Arthur Alexander– Sally Sue Brown
In the first Soundtrack Project post below, I mentioned that a few of the songs referenced in Motherless Child aren’t even songs I like. Turns out, that’s surprisingly few.
Depending on who’s singing it, this is one.
The fact that the Bob Dylan version, from his lumbering 1988 Down in the Groove album, manages, at least by 1980s Dylan standards, to be less than hateful doesn’t exactly save it. Those “ah-oohs” in the background are kinda sporty, almost make you think Bob’s actually enjoying the return of Saucy Sally, although he saves most of his sneering, spitting self for lines like “Got what it takes to make you hurt” (as in she does), just so we’re clear that this is still Jezebel, still hellborn and hellbound and hellbent on taking as many poor, helpless Bobs as possible with her.

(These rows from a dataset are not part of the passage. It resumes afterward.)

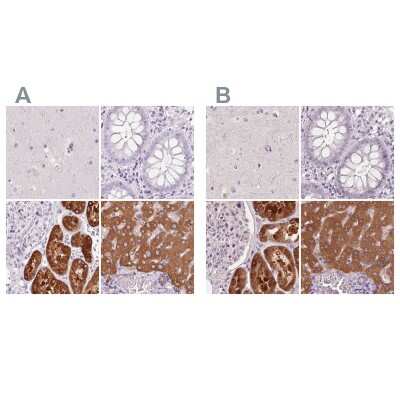 Immunohistochemistry-Paraffin: 58K Golgi Protein Antibody [NBP2-48651]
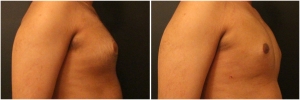 gynecomastia-surgery-nyc-before-and-after1-3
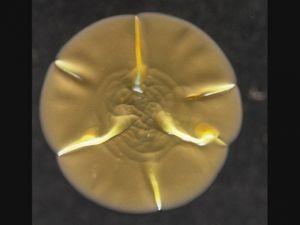 Bu Bakteriler Cep Telefonunda Yaşıyorlar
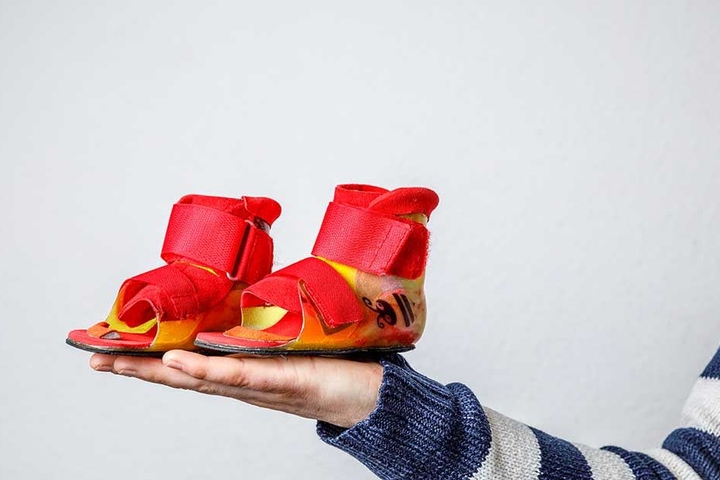 Die Krankheit verschlingt Unsummen: Diese Spezial-Schuhe für rund 1800 Euro finanzierte die Krankenkasse für Elena.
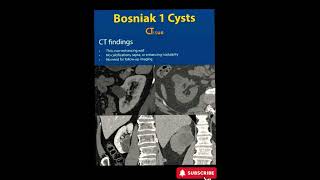 Bosniak 1 Cyst  CT  Radiology [upl. by Emmerich814]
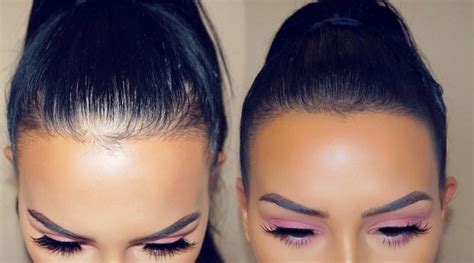 Hair loss around the hairline can be a discouraging issue to deal with. How to Cover Receding Hairline with Makeup - 365 gorgeous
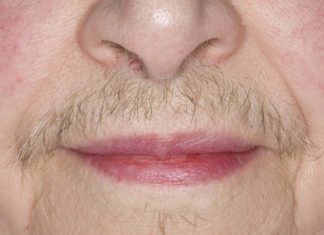 MASKA OD OVE BILJKE UKLANJA SVE DLAKE SA LICA ZAUVIJEK: Brzo zapišite RECEPT, poslije ovog dlake više ne rastu MASKA OD OVE BILJKE UKLANJA SVE DLAKE SA LICA ZAUVIJEK: Brzo zapišite RECEPT, poslije ovog dlake više ne rastu - featured image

Arthur Alexander’s original is certainly better, sweeter, if only because he is. Fickle and ruthless as his Sally Sue can be, the wounded yearning (as opposed to lustful sneering) in Arthur’s voice suggests that he really is “glad you’re back, Sally Sue Brown,”, and when he rides out the groove humming, “You ain’t no good/but I love love love you,” he sounds as if he does, or at least as if he’s dreaming of salvation through rather than in spite of or from her.
But it’s still an ugly song.
Which brings us to yet another of those tricky things about writing about pop music, trying to quantify or measure it: the songs themselves only have so much to do with their impact on us. Our feelings about any given track probably have at least as much to do with who we’re with at the moment we first hear it, who we are, what the light’s like, what we’re eating or drinking, the lover we just lost or found, the work and money we have or don’t, the extent to which the grooves and canals that spoke from our ears and skin into our guts and heart are open at just that instant.
And I suspect that Natalie– Motherless Child‘s vulnerable, resilient, defiant heart, a single mom, daughter of a widowed single mom, ejected hard from a youth that was never carefree and only now, 18 months after the birth of her son, dipping a cautious toe back into waters she knows are too deep– hears something completely different.
I think what Natalie hears is Sally Sue Brown’s strut. Her will. I think she’d find these pathetic singing dudes’ fear of Sally–and, by extension or association, of Natalie– almost reassuring. If only because it will keep men aware of her, but also cowering, just distant enough, until she decides she’s ready for them again.
And so she invests a jaunty but misogynist and unremarkable blues with meaning, savagery, intensity, vulnerability, and a sense of validation neither Bob Dylan nor even gentle Arthur Alexander ever intended, and that the song itself doesn’t deserve and can barely sustain.